Rossnaree, how do you usually make yours? OG? FG? Do you use nutrient like you would with mead (assuming you probably would)? How long does the batch go before it's getting good (at what ABV)?
First, most of what I've made HAS been from maple syrup diluted to an OG of between 1.115 and 1.130. FG is usually around 0.999-1.002, once it went to 0.998 and nope, there was nothing wrong with the hydrometer or my reading of it as far as i can tell.
One of the reasons I'm thinking that sap evaporated to wine SG instead of bringing to finished syrup and then diluting is, of course, for the energy savings, but as Misplaced_Canuck pointed out, much of the color and flavor is developed during the finishing process. BUT, as I stated, a lot of that doesn't necessarily come through in the finished mead/wine, and may be due to my choice of yeast (EC-1118); but the yeast is also the reason why the wine always finishes nice and dry. Now, if I were to use DV-10, or DV-47, things might be different. To keep the same alcohol tolerance as EC-1118, I'd go with the DV-10; if going with the DV-47, I'd probably scale back the OG accordingly so's I wouldn't end up with anything overly sweet. Don't get me wrong, I LOVE off-dry Rieslings, etc, it's just that with mead and maple it can get sicky-sweet. And stay that way...

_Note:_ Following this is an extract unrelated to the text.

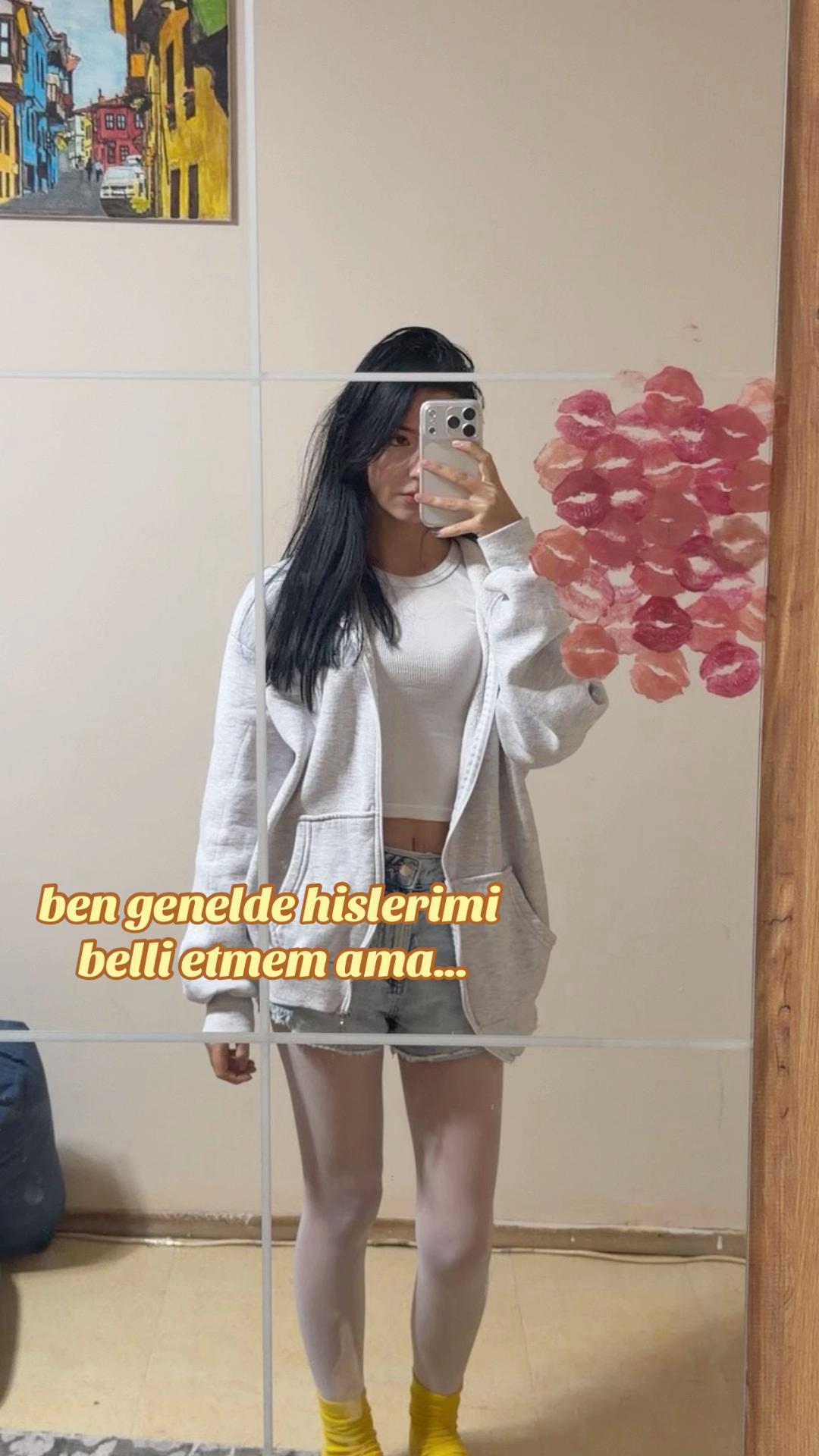 @ddeeniiizzz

The other reason is a bit more of a theory at this time, and that is --- when you make maple syrup, you will always end up with what is called "sugar sand." To put it a little too simply, it's the minerals from the tree contained within the sap. When heated, and as the sap becomes more concentrated, these minerals "group" and precipitate out as grit, or sugar sand. Anyways, this gets filtered out with commercial operations and most hobby/home-use operations. My THEORY, only, is that by not going entirely to syrup stage, this process of precipitating-out the minerals -- or, even if there is sugar sand, not filtering it out -- is prevented, and the yeast will have those minerals to use as nutrient. Just a theory. I don't even know how I'd go about proving it.
Otherwise, it's not big deal to forget about all that and go ahead and just add nutrient as you would for mead -- I do that anyhow. I just don't do staggered nutrient additions; I'm not sure that you need to with maple. I just like to keep the must with whatever it came with, figuring that maybe it contains just what the yeast need to do it right. IDK, probably just BS in the end.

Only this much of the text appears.